- **Records for this exercise**:
···
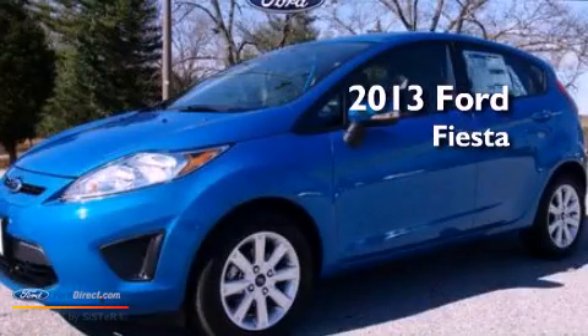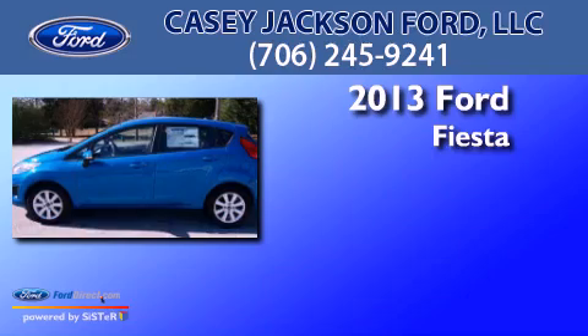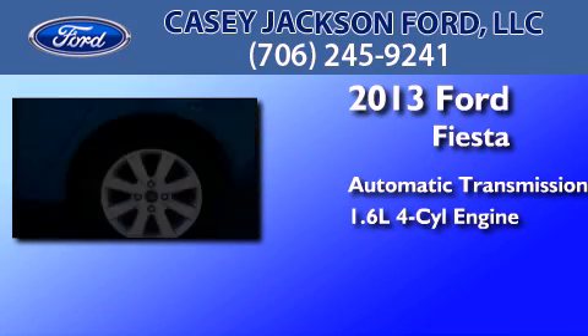This is a brand new 2013 Ford Fiesta. This compact has an automatic transmission and an inline four-cylinder engine.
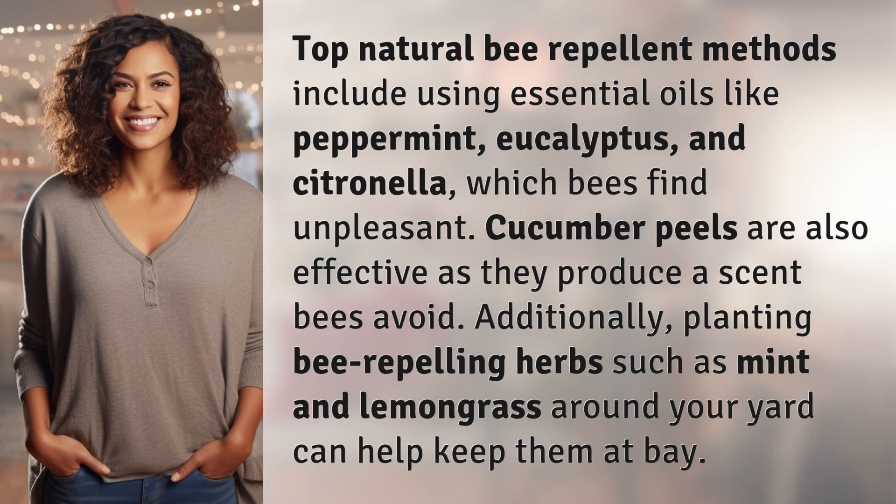Top natural bee repellent methods include using essential oils like peppermint, eucalyptus, and citronella, which bees find unpleasant. Cucumber peels are also effective as they produce a scent bees avoid. Additionally, planting bee-repelling herbs such as mint and lemongrass around your yard can help keep them at bay.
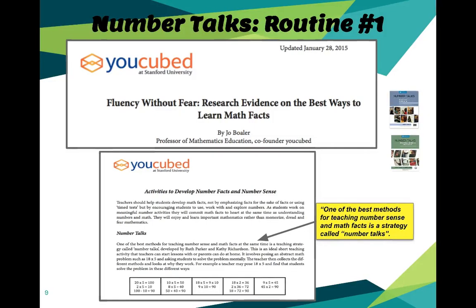Another reason we should continue to weave this into our week is Jo Boaler, a researcher out of Stanford who has worked quite extensively with Carol Dweck, the key growth mindset researcher. In an article she's written called Fluency Without Fear, she talks about the best way to learn math facts. As she gets into the activities that help build number sense and fact fluency, number talks is identified as one of the best methods. So if we're wanting to improve the learning of math facts, this is something we should continue to do.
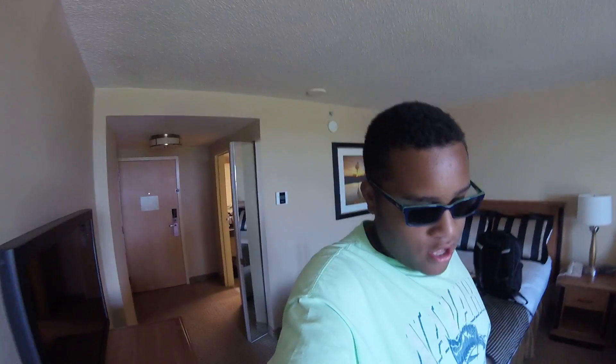And here's me — hi! This is the hotel room tour. Thank you guys, and that's it.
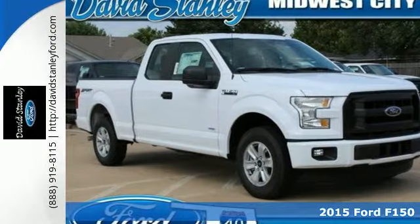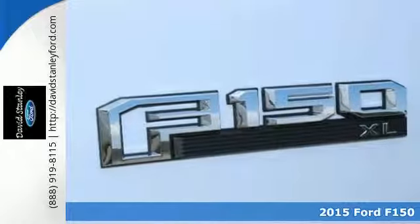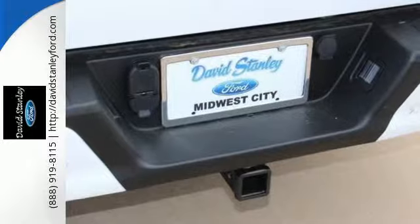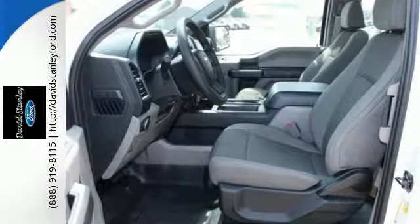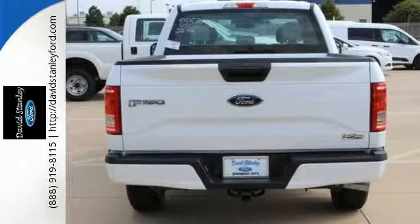It's a 2015 Ford F-150. No matter what you demand, this pickup delivers. Its high strength, military grade, aluminum alloy body and steel frame provides every bit of toughness and durability the F-150 is known for, but with reduced weight.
···
- **Problem requirements**: Where an entry contains an image, skip the image; repeat everything else exactly.

- **Solution to the exercise**:
This is a brand new 2013 Ford Fiesta. This compact has an automatic transmission and an inline four-cylinder engine.
Top natural bee repellent methods include using essential oils like peppermint, eucalyptus, and citronella, which bees find unpleasant. Cucumber peels are also effective as they produce a scent bees avoid. Additionally, planting bee-repelling herbs such as mint and lemongrass around your yard can help keep them at bay.
Another reason we should continue to weave this into our week is Jo Boaler, a researcher out of Stanford who has worked quite extensively with Carol Dweck, the key growth mindset researcher. In an article she's written called Fluency Without Fear, she talks about the best way to learn math facts. As she gets into the activities that help build number sense and fact fluency, number talks is identified as one of the best methods. So if we're wanting to improve the learning of math facts, this is something we should continue to do.
And here's me — hi! This is the hotel room tour. Thank you guys, and that's it.
It's a 2015 Ford F-150. No matter what you demand, this pickup delivers. Its high strength, military grade, aluminum alloy body and steel frame provides every bit of toughness and durability the F-150 is known for, but with reduced weight.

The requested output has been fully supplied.